There... my client finally passed away... in a way he has envisioned according to his will and expectation. A naggy intuition told me that he won't survive till his bday and I have to visit him this week. I was glad that I did - and that I had fought against my onslaught of heavy work volume and personal obligation to pay him a quiet visit on my own freewill on Thursday. There I shook his hands for the final time. We exchanged smiles. I told him I have done everything I could possible do within the scope of my profession. Now is the time that he has to figure and make meaning of his final moment. He thanked me.

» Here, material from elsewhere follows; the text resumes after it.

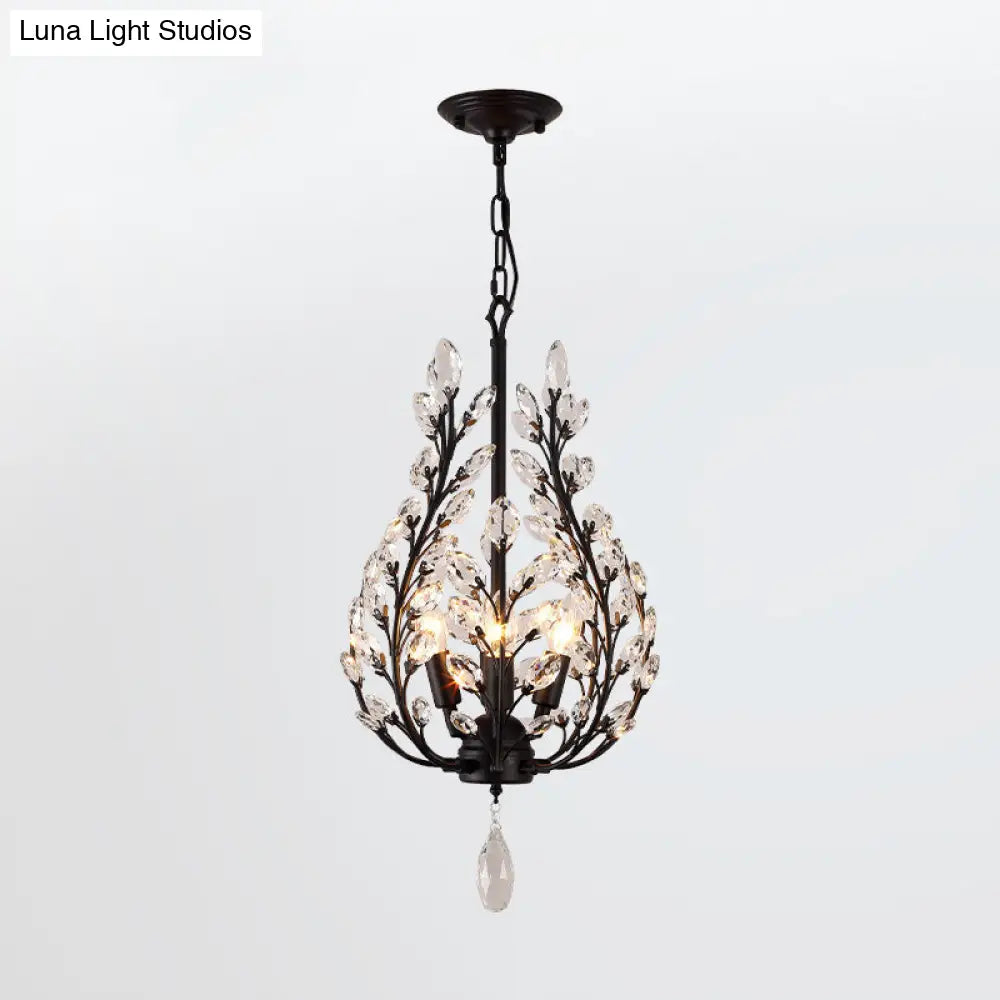 Rustic Laurel Chandelier - 4-Light Crystal Pendant In Black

If I have given myself an excuse to say that I would pay him a visit next week - I would have missed the boat permanently. It is a conscious choice to decide if he is just another case number or another human being anxious about the prospect of death, in which he has never experience before. He is accepting of his circumstances, but that does not mean that he knows what lies ahead. In varying degrees, we are all curious about the final end, but when the time draws near, it is as scary as entering preschool for the first time.

Nobody has died and came back to reveal about what lies ahead. The secrecy surrounding death would make ISD looks like some children organization for no Mas Selamat has ever escape death, with records unbroken since the birth of life.

I am sure we will meet again, in another dimension or incarnation. Who knows? Perhaps... when I know I am dying myself and I have this young man/girl hanging around me for support, it could be him playing the role I have played for him.